Embodiments of the invention include a set of methods for Forwarding Table Synchronization (FTS) Agents that collude to distribute Virtual Forwarding/Routing Table (VRF) information.

The association between the agents can either be “pre-associated” (pre-configured) or associated in real time.

These methods include:

- A method to allow an FTS agent to be either a master or slave within a set of associated FTS agents denoted as a cluster of FTS agents.
- A method for Master FTS agent distributing Forwarding Table Information
  - The Master FTS Agent accepts connections from its slave FTS agents and sends FIB information to synchronize the slave FTS Agent FIBs. Upon initial connection to the Master FTS agent, a FTS slave agent receives the current FIB for all VRFs from the FTS Master agents.

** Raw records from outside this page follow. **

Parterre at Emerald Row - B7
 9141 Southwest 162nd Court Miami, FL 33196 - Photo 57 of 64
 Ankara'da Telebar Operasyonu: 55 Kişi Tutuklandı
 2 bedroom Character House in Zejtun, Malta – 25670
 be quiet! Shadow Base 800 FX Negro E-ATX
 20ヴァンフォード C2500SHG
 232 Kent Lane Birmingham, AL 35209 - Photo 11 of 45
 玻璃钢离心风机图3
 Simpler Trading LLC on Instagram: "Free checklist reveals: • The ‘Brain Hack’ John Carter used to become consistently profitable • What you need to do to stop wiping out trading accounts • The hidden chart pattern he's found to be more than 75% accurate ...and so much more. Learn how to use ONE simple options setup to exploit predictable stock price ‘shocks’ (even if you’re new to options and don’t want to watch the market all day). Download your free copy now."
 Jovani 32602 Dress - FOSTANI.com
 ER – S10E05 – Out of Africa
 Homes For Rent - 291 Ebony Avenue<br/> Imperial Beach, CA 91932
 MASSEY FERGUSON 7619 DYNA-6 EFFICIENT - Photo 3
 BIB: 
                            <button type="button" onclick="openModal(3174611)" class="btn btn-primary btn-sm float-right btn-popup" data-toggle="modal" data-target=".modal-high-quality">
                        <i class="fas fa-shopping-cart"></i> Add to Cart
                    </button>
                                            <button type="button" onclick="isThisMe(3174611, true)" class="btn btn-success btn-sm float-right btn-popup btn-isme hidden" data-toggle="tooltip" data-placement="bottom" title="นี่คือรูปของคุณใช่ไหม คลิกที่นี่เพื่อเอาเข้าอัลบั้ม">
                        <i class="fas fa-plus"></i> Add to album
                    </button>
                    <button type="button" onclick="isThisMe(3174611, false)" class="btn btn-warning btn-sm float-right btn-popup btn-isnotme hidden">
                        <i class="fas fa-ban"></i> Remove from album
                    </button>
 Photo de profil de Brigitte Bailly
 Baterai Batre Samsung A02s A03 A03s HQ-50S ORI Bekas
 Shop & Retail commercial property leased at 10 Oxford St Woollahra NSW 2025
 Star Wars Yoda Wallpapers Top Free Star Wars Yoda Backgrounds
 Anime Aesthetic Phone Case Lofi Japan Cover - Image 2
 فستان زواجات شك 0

After the initial connection, the FTS agent receives any route changes (add or deletes) to the FIB.
- A method for a Slave FTS Agent receiving Forwarding Table information
- A finite state machine automata that controls the transition between a plurality of states of FTS agents: un-initialized, Agent Slave or Agent Master and established connections between FTS agents.
  2.1 Master or Slave State within a Cluster of FTS Agents

A FTS Agent cluster may align with the network applications clustering (such as node clusters or virtual cluster). An FTS agent may serve as a Master FTS agent in one cluster, and a slave in another cluster of agents.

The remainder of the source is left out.